__Directions__. Under this line are records; the part from the line containing "Aluminum handrail running" through the line containing "The Darling Effect’s" should be repeated exactly. Please exclude pictures.

(Dataset records)

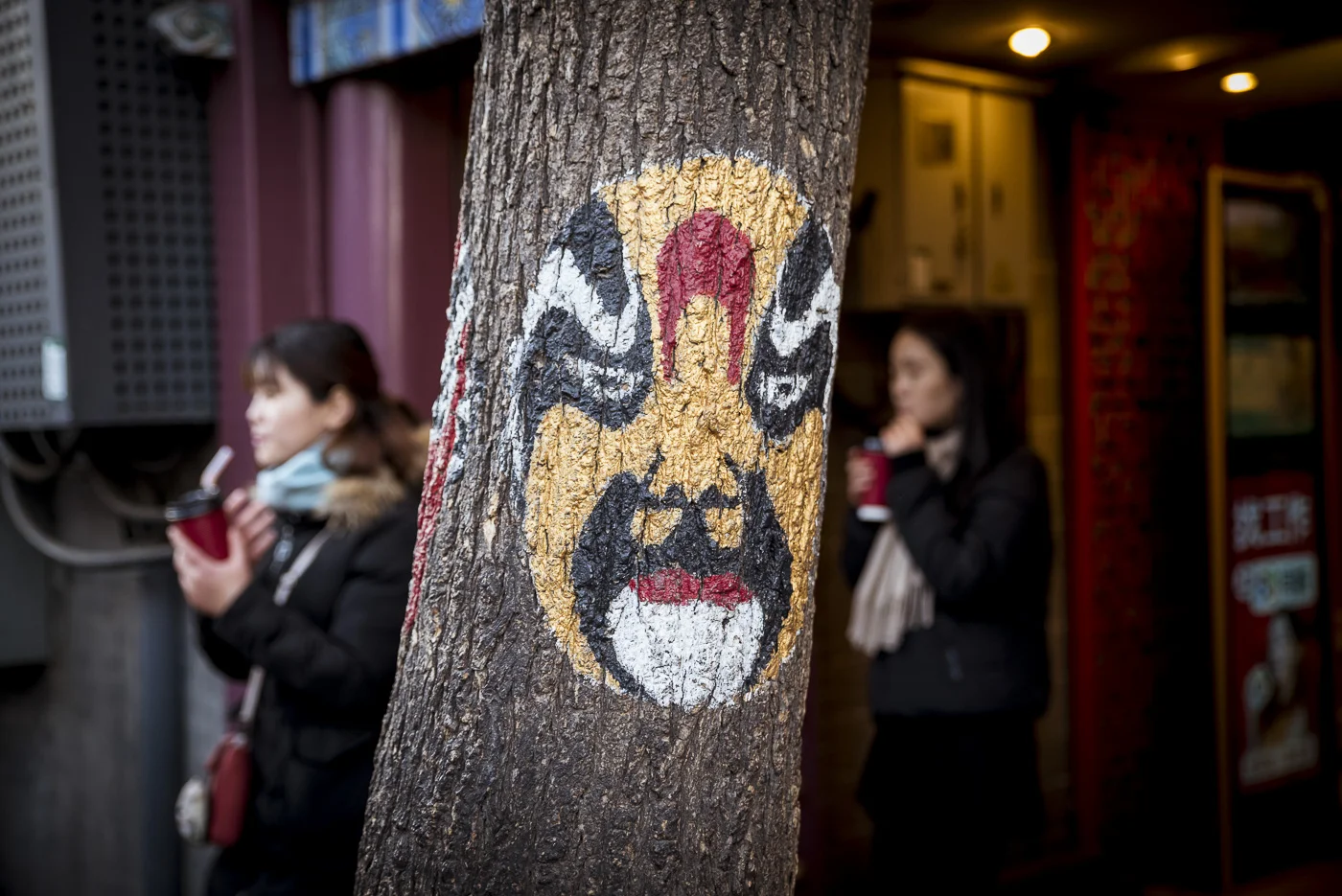 Chinese Opera mask painted on a tree in Nanluoguxiang Hutong, Dongcheng District, Beijing, China © Dosfotos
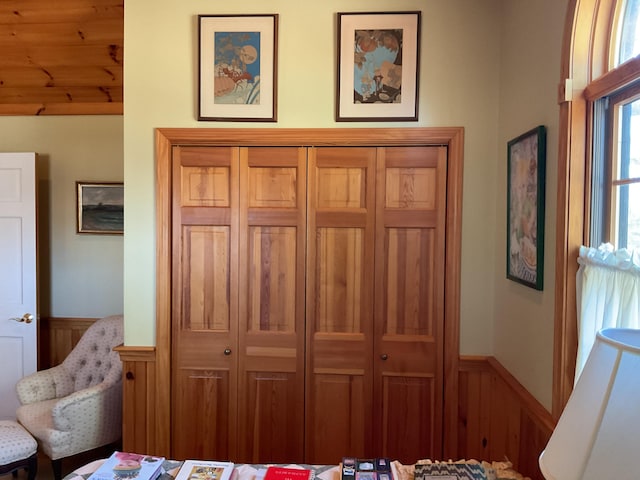 bedroom with a closet and wainscoting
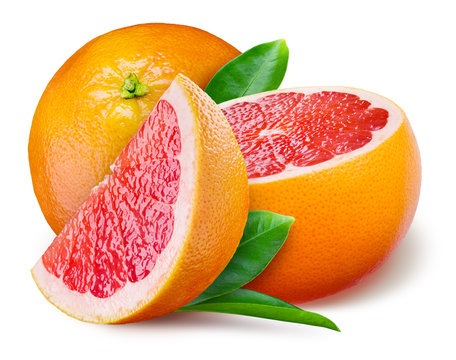 Grapefruit with a half and leaves on white background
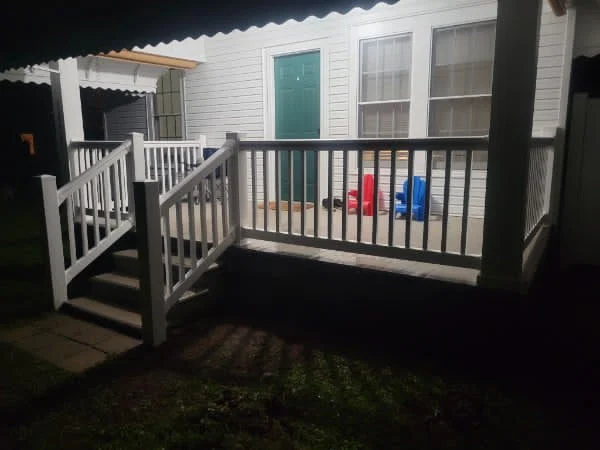 Aluminum handrail running down a set of exterior steps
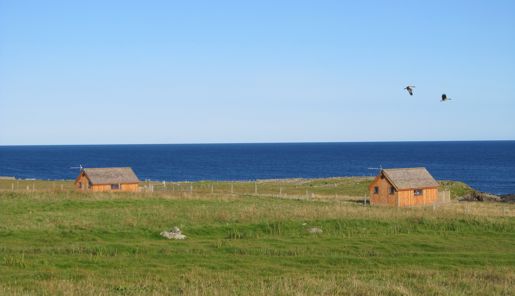 The Hebridean Huts on a sunny day overlooking the ocean on the Isle of Lewis in the Outer Hebrides in Scotland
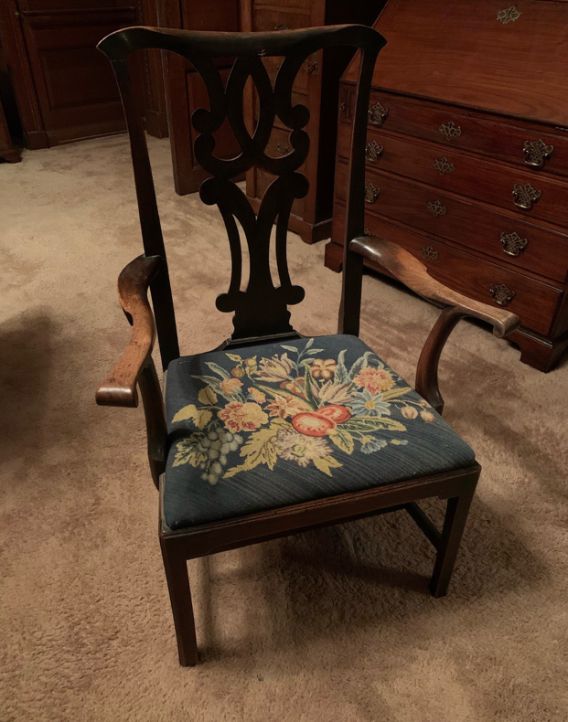 A GEORGE III FRUITWOOD ELBOW CHAIR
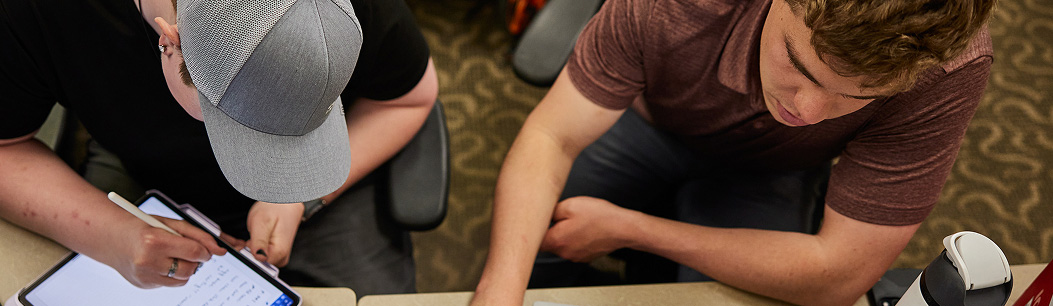 Two people working together
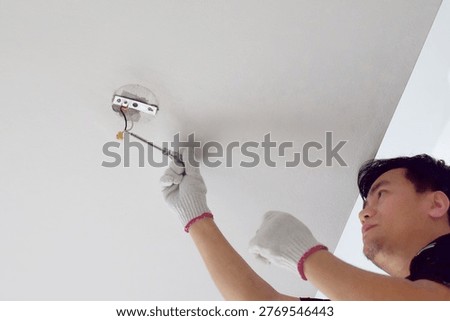 The electrician is disassembling the ceiling light fixture.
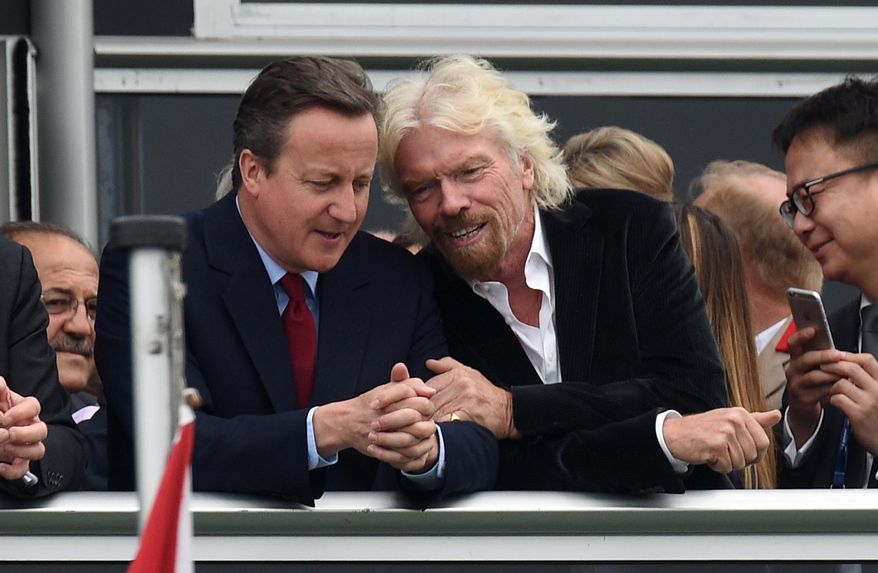 Britain's Prime Minister David Cameron, left, and Virgin boss Richard Branson talk at the Farnborough International Airshow in Farnorough, south England, Monday July 11, 2016. Britain has signed a contract for nine new P-8A Poseidon military aircraft, and Boeing announced Monday a planned expansion for its British operation, as the airshow attracts large international companies to announce their latest plans. (Andrew Matthews / PA via AP)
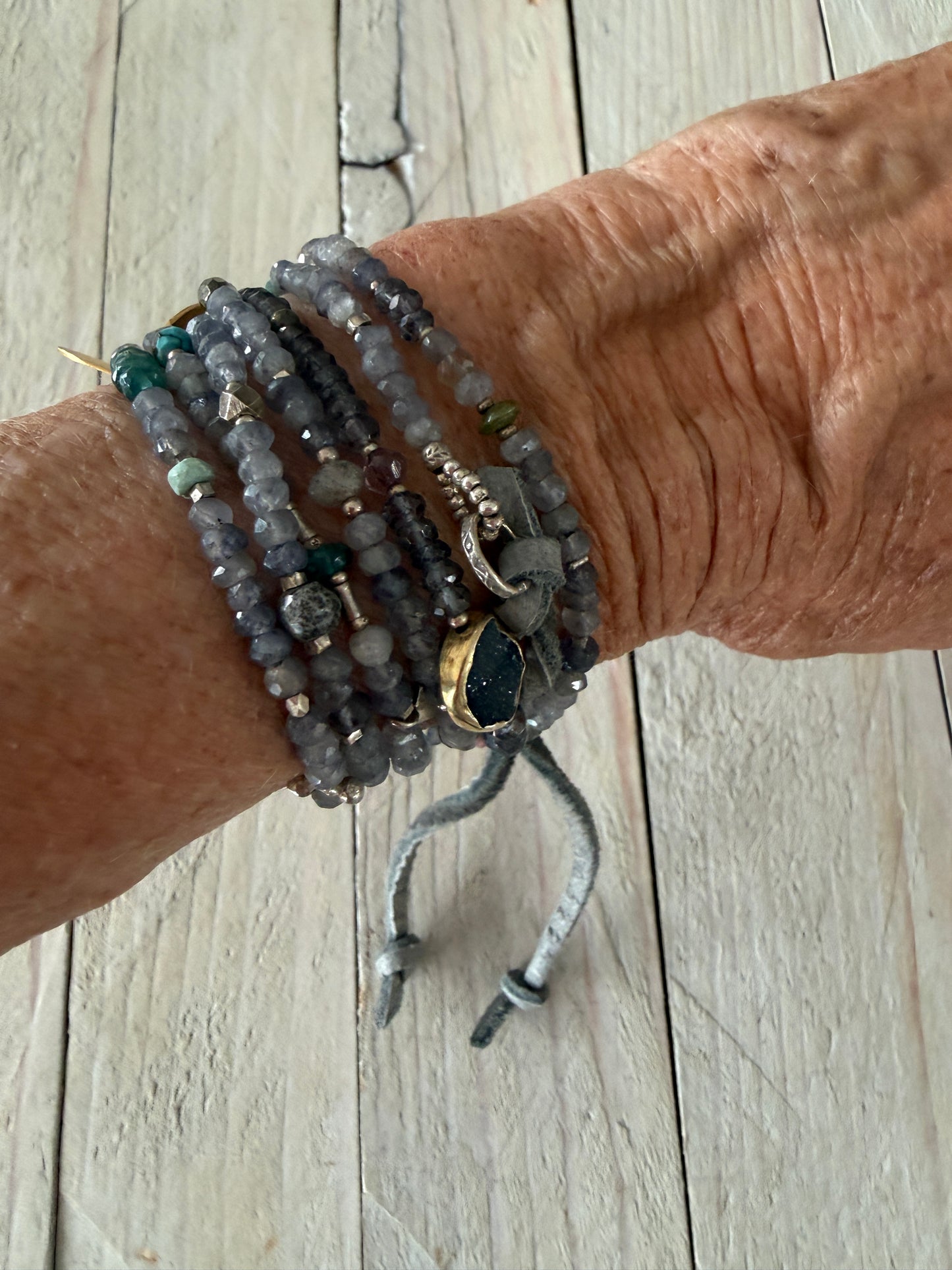 Extra long layering necklace/bracelet of pale iolite and assorted gems with vermeil and fine silver accents on adjustable deerskin leather. 50”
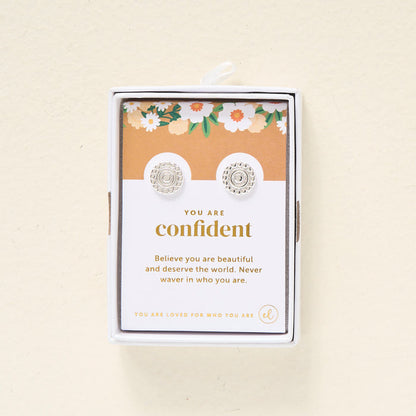 The Darling Effect’s You Are Confident Dainty Stud Earrings come boxed with a floral card reading, “Believe you are beautiful and deserve the world. Never waver in who you are.” Perfect for gifting.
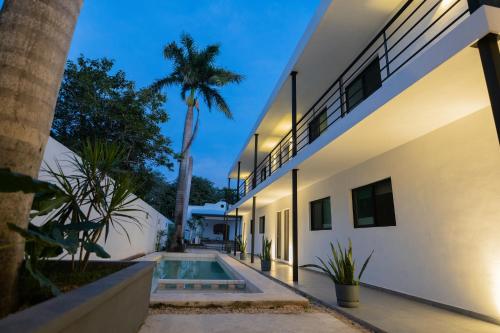 an exterior view of a house with a swimming pool and palm trees at Peregrina 270 Departamentos in Motul de Felipe Carrillo Puerto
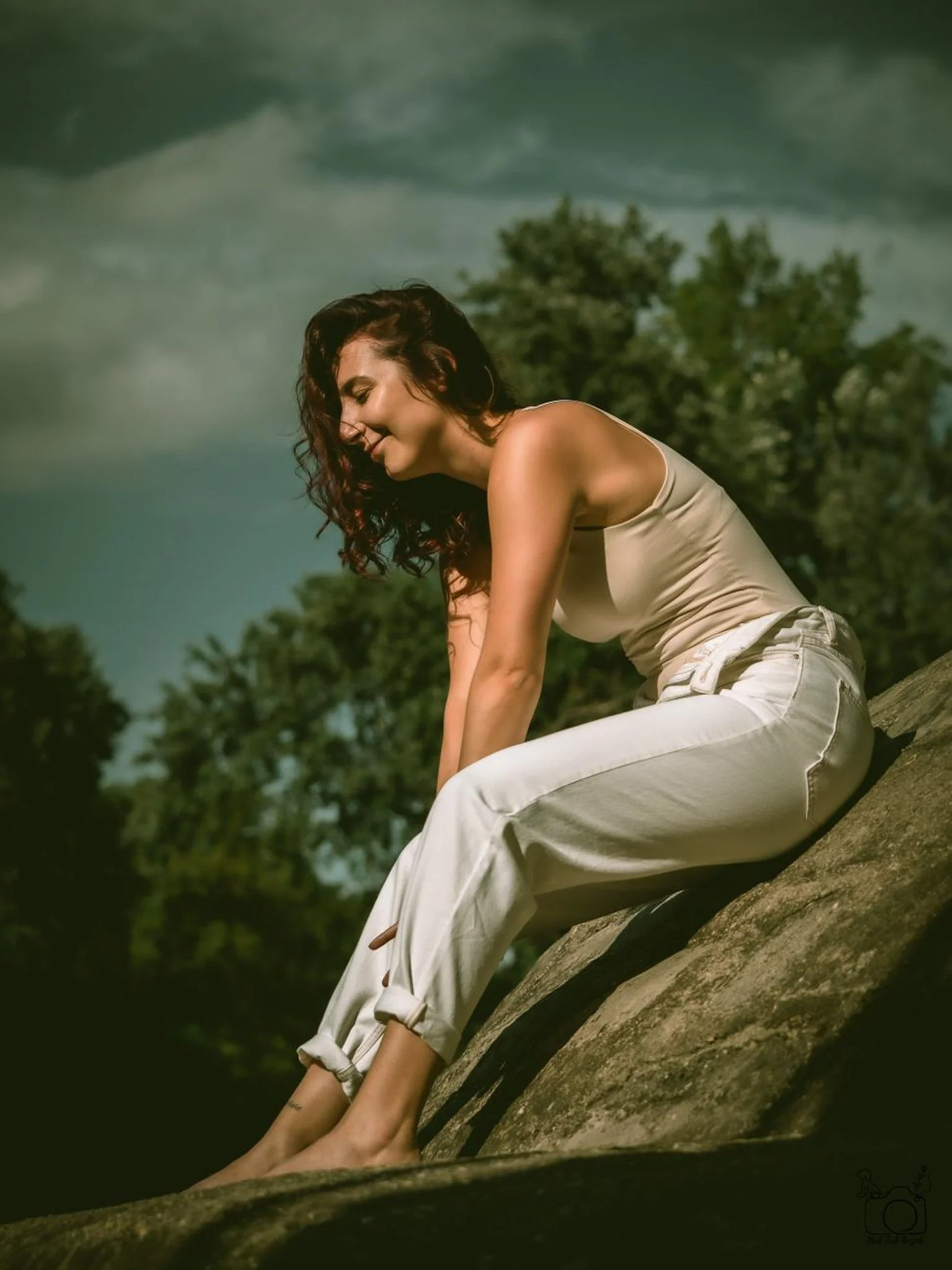 A woman with dark, curly hair in a sleeveless beige top and white pants, sitting on a large tree log outdoors, with a background of green trees and a cloudy sky.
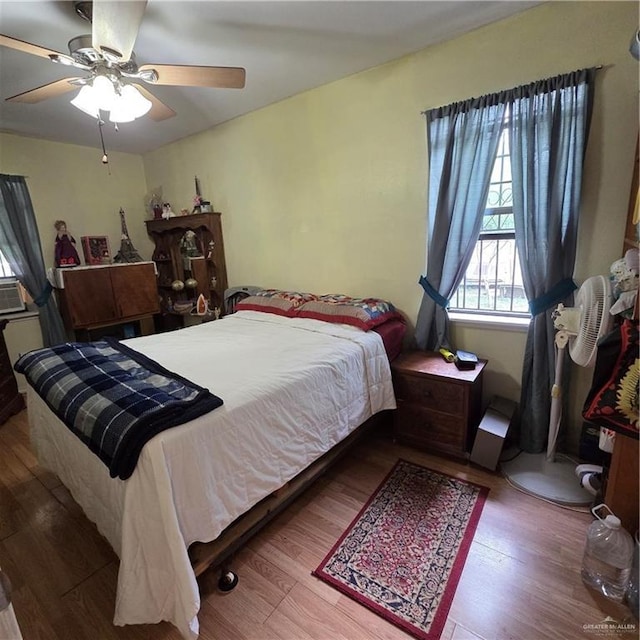 16073 S US Highway 281, San Benito, TX 78586 - bedroom featuring wood finished floors and ceiling fan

__Result below__.
 Aluminum handrail running down a set of exterior steps
 The Hebridean Huts on a sunny day overlooking the ocean on the Isle of Lewis in the Outer Hebrides in Scotland
 A GEORGE III FRUITWOOD ELBOW CHAIR
 Two people working together
 The electrician is disassembling the ceiling light fixture.
 Britain's Prime Minister David Cameron, left, and Virgin boss Richard Branson talk at the Farnborough International Airshow in Farnorough, south England, Monday July 11, 2016. Britain has signed a contract for nine new P-8A Poseidon military aircraft, and Boeing announced Monday a planned expansion for its British operation, as the airshow attracts large international companies to announce their latest plans. (Andrew Matthews / PA via AP)
 Extra long layering necklace/bracelet of pale iolite and assorted gems with vermeil and fine silver accents on adjustable deerskin leather. 50”
 The Darling Effect’s You Are Confident Dainty Stud Earrings come boxed with a floral card reading, “Believe you are beautiful and deserve the world. Never waver in who you are.” Perfect for gifting.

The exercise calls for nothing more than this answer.